- **WORK REQUEST**: Below, find the line containing "En Etkili Selülit Tedavisi Nedir?" and the line containing "MAPK1IP1L Polyclonal Antibody"; reproduce exactly those two and every line between them, omitting pictures.

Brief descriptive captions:
========================================

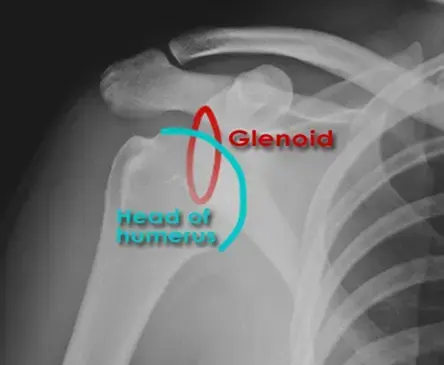 اكتشف: البيولوجيا الخلوية للعظام.. أسرار صحة هيكلك!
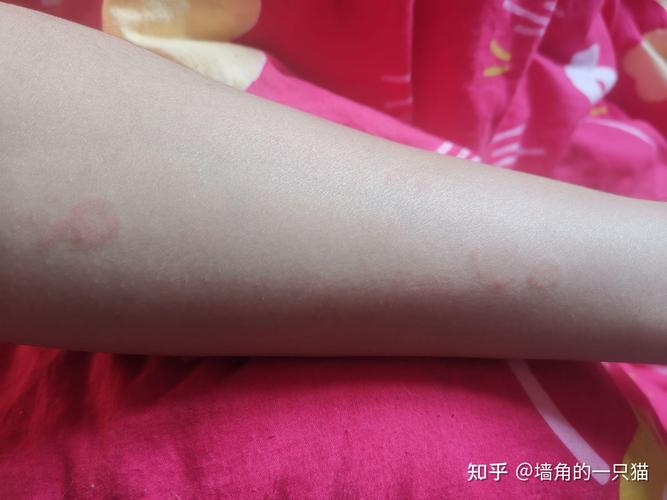 风湿性关节炎环形红斑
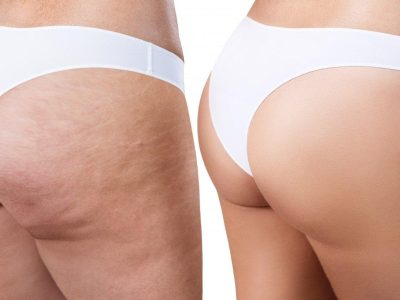 En Etkili Selülit Tedavisi Nedir?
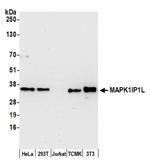 MAPK1IP1L Polyclonal Antibody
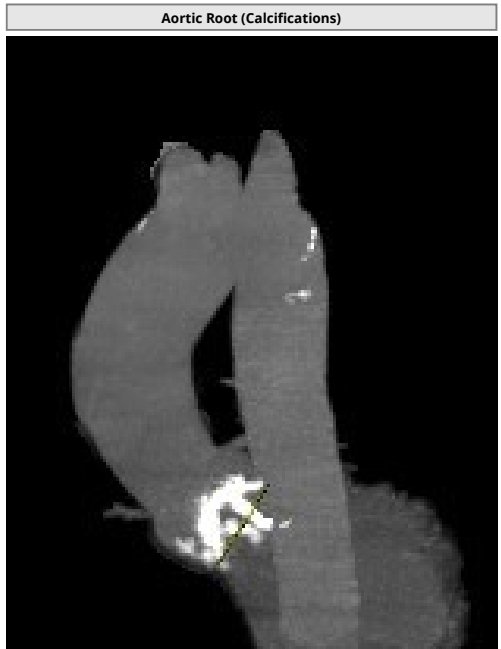 AlkashkariWail's tweet photo. 78♂️ severe AS MPG65,heavily calcified ++++ with mod to severe LVOT calcification. Annular perimeter 547. #medtronic evolute 34mm with #cusp_overlap #commisural_alignment. Final MPG6, sinus + no LBBB. Mild AI (after 23 🎈).. waited for 20mint the AI Trace on #echofirst https://t.co/kTeboLlDKC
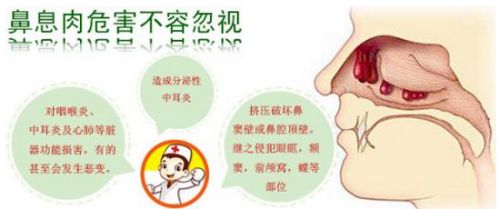 鼻息肉手术费用多少 百度经验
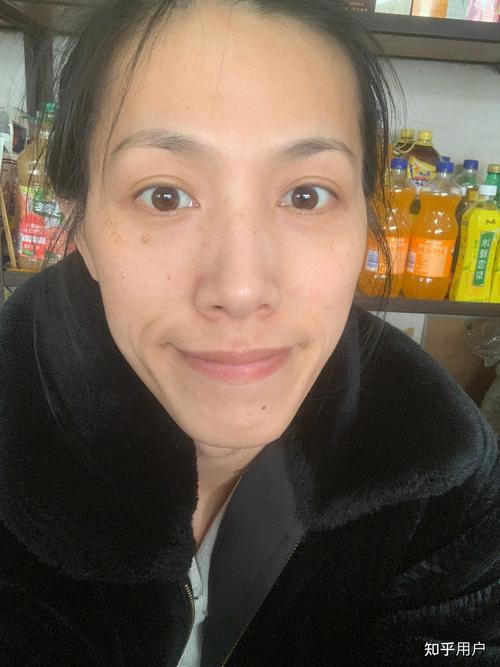 ����֬����Ǯһƿ ����֬����ʲô����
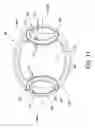 Fig. 13 - Valve assembly for a drinking cup and a drinking cup having a valve assembly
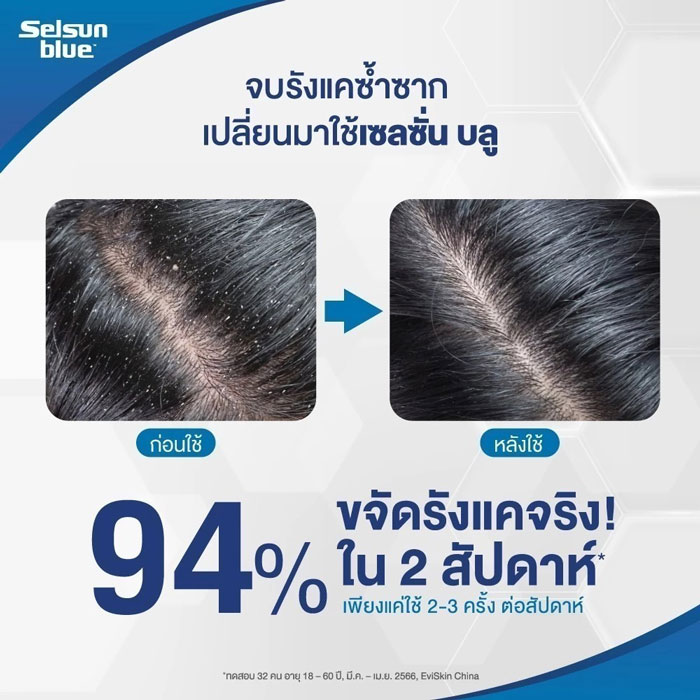 แชมพูขจัดรังแค สำหรับลดคันหนังศีรษะ Selsun Blue Extra Strength Pro X Anti-Dandruff Shampoo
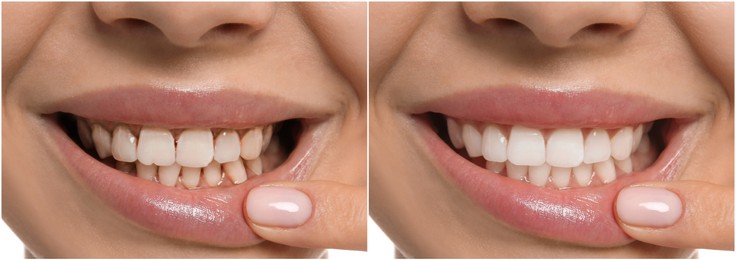 Image of Collage with photos of young woman before and after dental treatment, closeup. Banner design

========================================

- **RESULT OF THIS TASK**:
 En Etkili Selülit Tedavisi Nedir?
 MAPK1IP1L Polyclonal Antibody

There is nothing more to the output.